Die 16 Spargelbauern im Beelitzer Anbaugebiet haben sich ihre Marke zwar bereits Mitte der 1990er Jahre vom Patentamt in München schützen lassen, doch offenbar reicht das nicht, um den Etikettenschwindel zu stoppen. Jetzt gehen sie erneut in die Offensive: Der Name „Beelitzer Spargel“ soll nach EU-Recht zur „Geografisch Geschützten Angabe“ (GGA) werden. Damit würde er den gleichen Schutzstatus wie zum Beispiel der Parmaschinken oder die Spreewaldgurke erhalten, sagte Vereinsvorsitzender Manfred Schmidt gestern den PNN. „Das Anerkennungsverfahren wird eine lange bürokratische Prozedur, aber wir wollen uns dem in diesem Jahr stellen“, so Schmidt, der dafür auch auf die Unterstützung des Brandenburgischen Agrarministeriums setzt. Mit dem Siegel der Europäischen Union hätte man dann noch eine stärkere Handhabe zur Verfügung, so der Vereinsvorsitzende.

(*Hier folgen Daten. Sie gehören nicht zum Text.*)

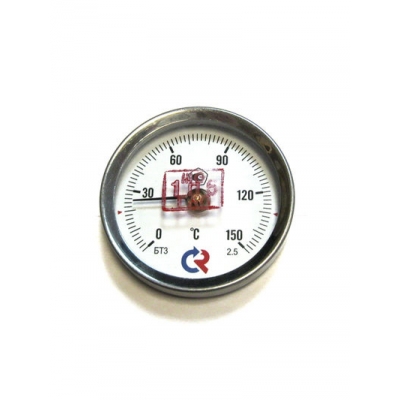 Термометр БТ-30 Dy63 накладной, 0-150 (БТ-30-150)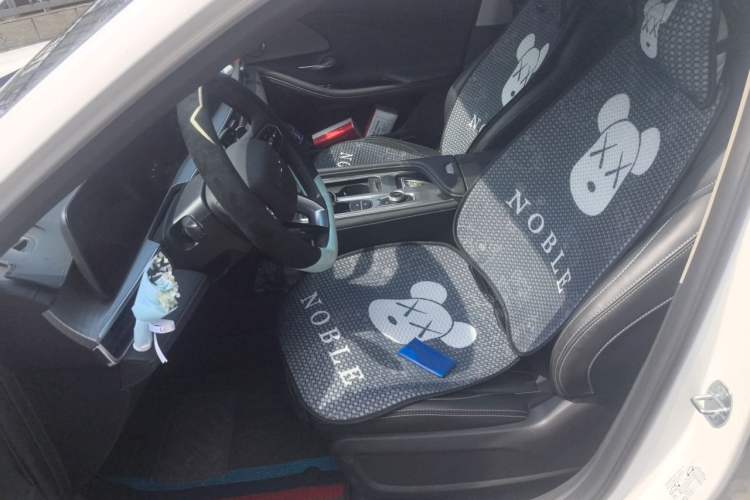 Used Chery Arrizo 8 2022 1.6T DCT Standard Left Front Seat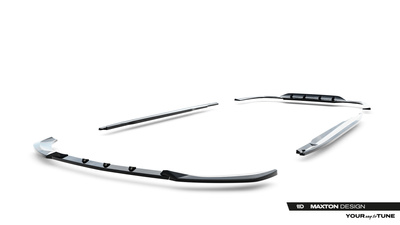 Ensemble Diffuseur Mercedes-Benz C Sedan / Estate AMG-Line W206 / S206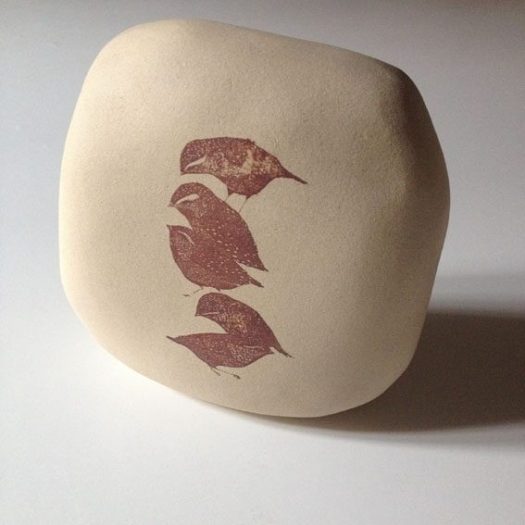 Transferència amb fotocòpias - Tòner mineral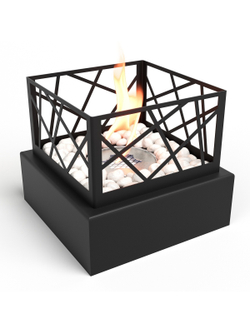 Биокамин Firelight BFP-T185BFB Bonfire Black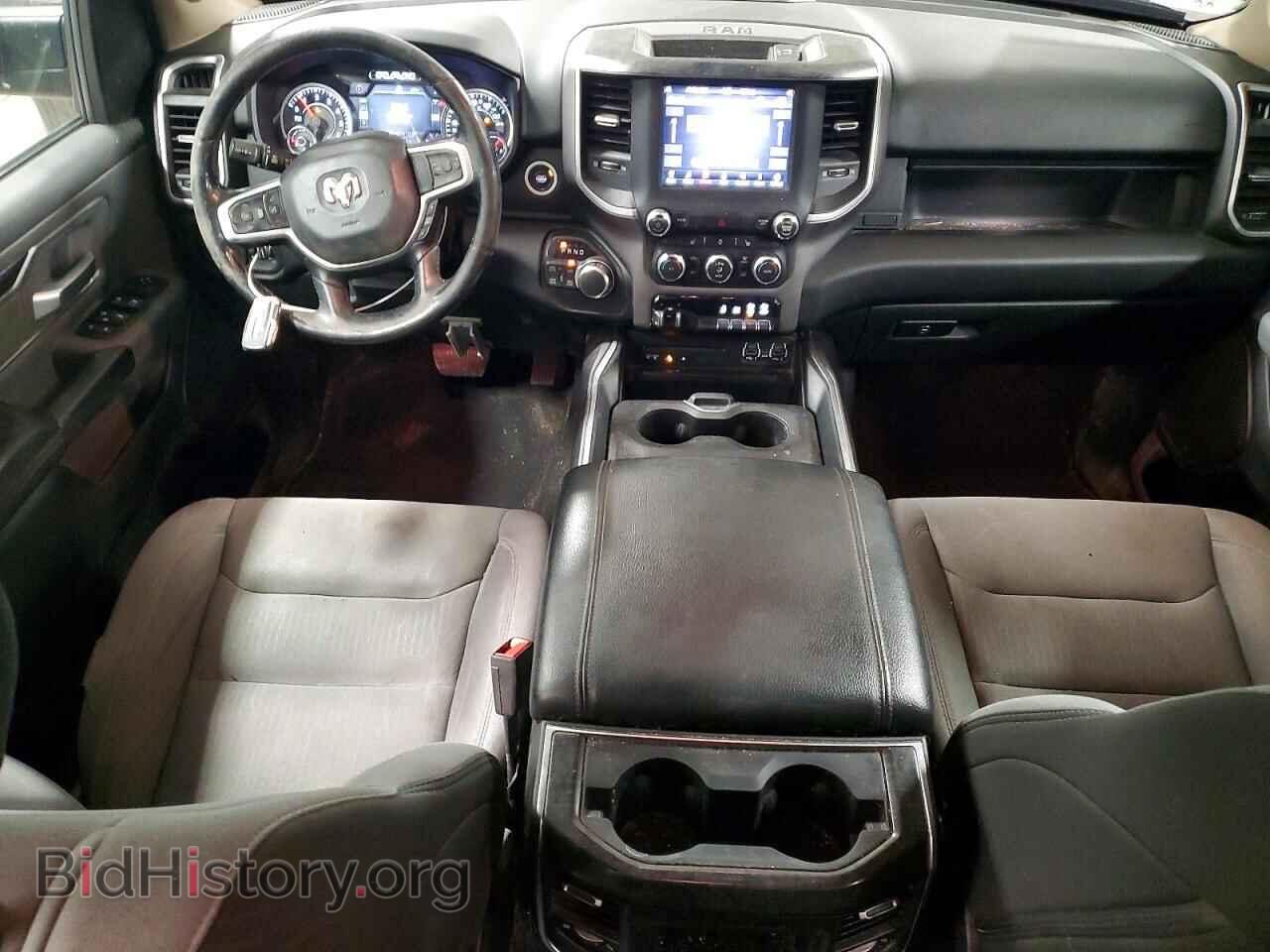 2019 RAM 1500 - VIN: 1C6SRFFT3KN510102 - Фото 8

Die Hoffnung der Spargelbauern: dass sich Betrüger davon abschrecken lassen. Sie zu überführen und vor Gericht zur Rechenschaft zu ziehen, wird allerdings schwierig für den kleinen Verein. Dem Verbraucher rät Schmidt deshalb, am Stand nachzufragen, von welchem der Beelitzer Höfe der angebotene Spargel stammt. „So viele sind wir ja nicht, die meisten Kunden kennen unsere Namen“, sagt er. Unterschiede mit dem bloßen Auge zu erkennen ist kaum möglich – erst beim Verzehr würde man merken, ob man tatsächlich das „weiße Gold“ aus der Nieplitz-Niederung auf dem Teller hat.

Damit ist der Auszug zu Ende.